» **PROBLEM DETAILS**
For this exercise, please return exactly the line containing "Silver Truck with Orange Kayak on rack" and each line after it through the end of the records, with no pictures included.

» **PROVIDED INFORMATION**
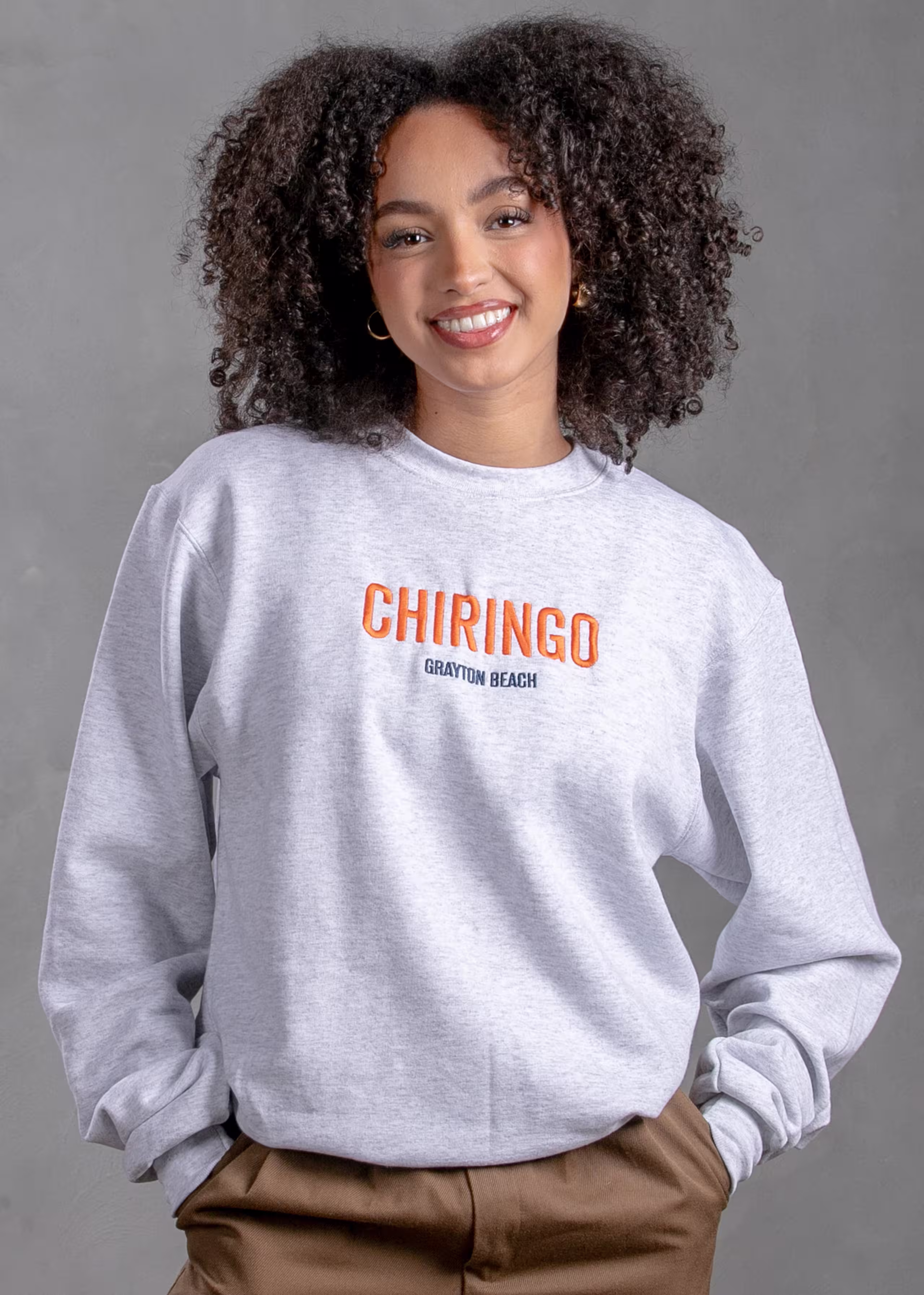 women wearing a white crewneck sweatshirt with the word Chiringo embroidered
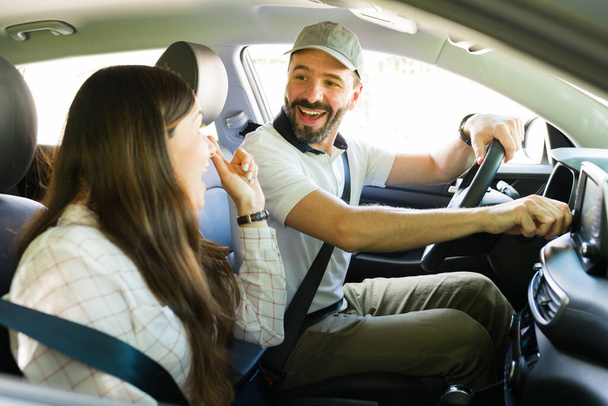 Wonderful idea! Cheerful man and woman looking surprised and happy while talking about a vacation spot while taking a road trip together as a couple - Photo, Image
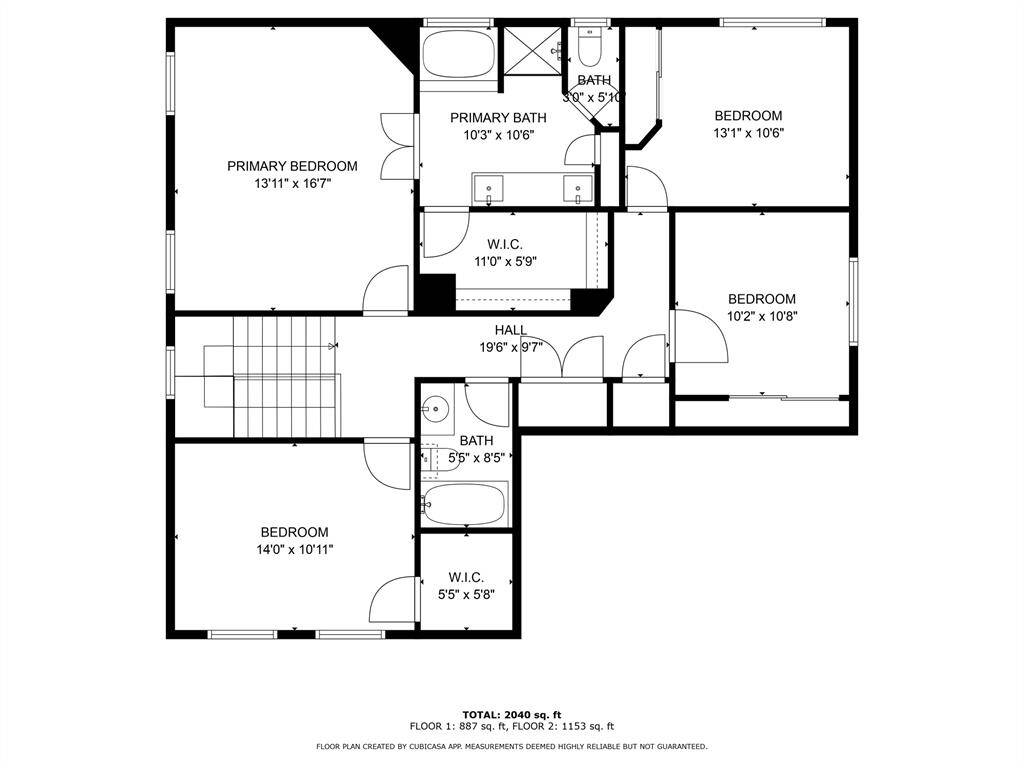 This floor plan features four bedrooms, including a spacious primary suite with an attached bath and walk-in closet. There's an additional full bath, a second walk-in closet, and a central hall connecting all rooms. Ideal for a family seeking ample space.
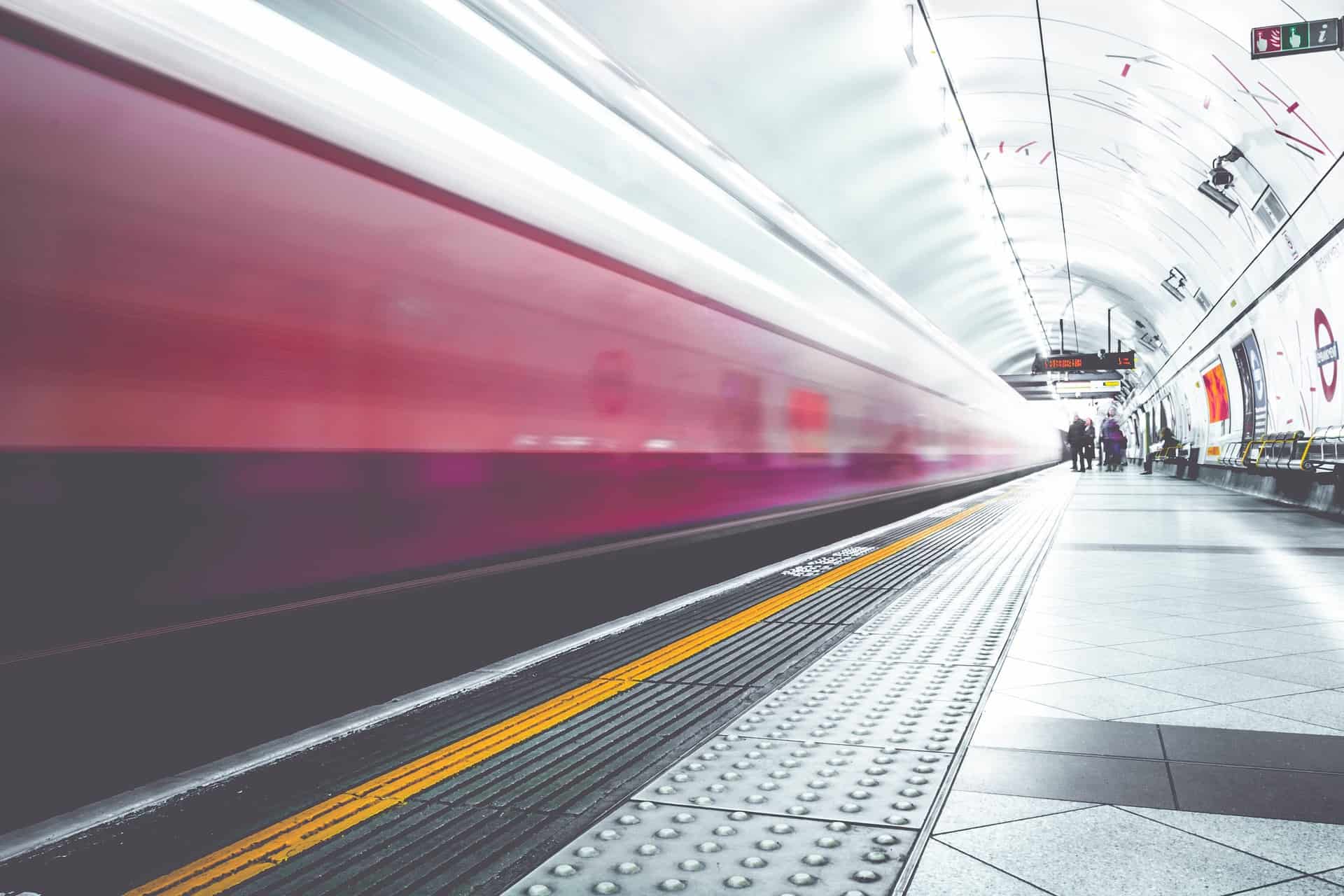 Subway train speeding through a station platform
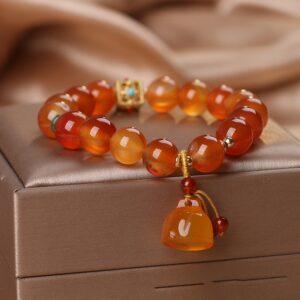 Orange natural agate bracelet with a flower-shaped lotus seedpod design - Main product view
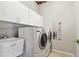 Efficient laundry room featuring front-load washer/dryer, utility sink, and overhead storage at 9219 Irondale Ln, Hudson, FL 34667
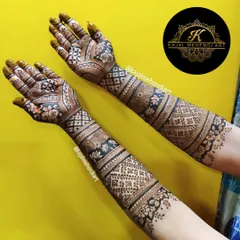 This engagement bride wanted a heavy Indian design without any figures. I added subtle ring elements on the back of the hands to give it that special engagement touch.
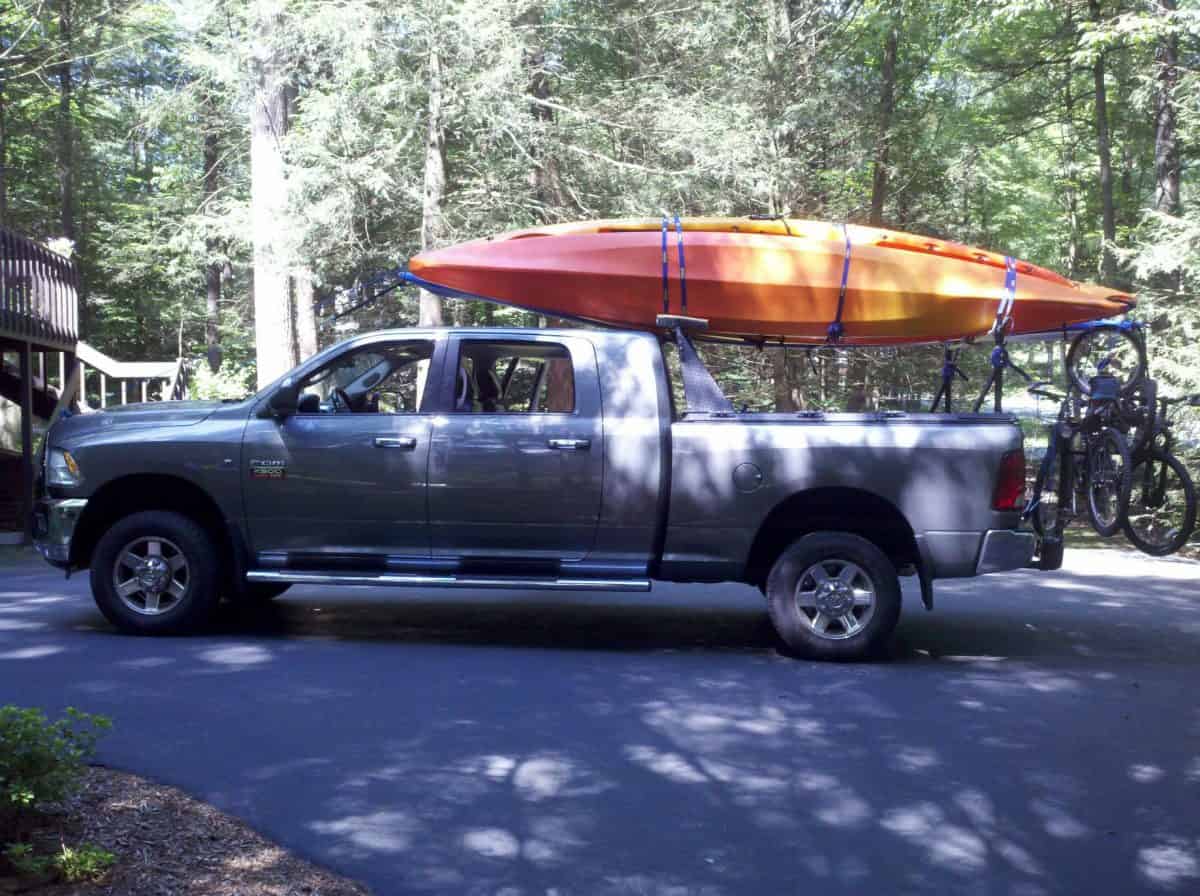 Silver Truck with Orange Kayak on rack
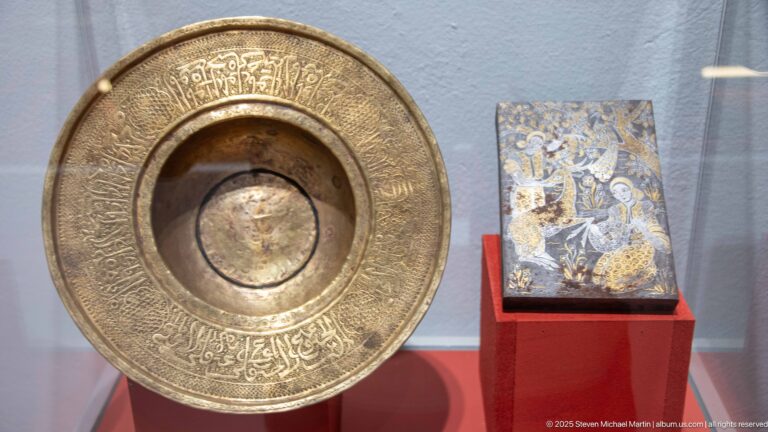 Large engraved brass-colored basin with Arabic calligraphy around its rim beside a smaller decorated object.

» **SOLUTION**
 Silver Truck with Orange Kayak on rack
 Large engraved brass-colored basin with Arabic calligraphy around its rim beside a smaller decorated object.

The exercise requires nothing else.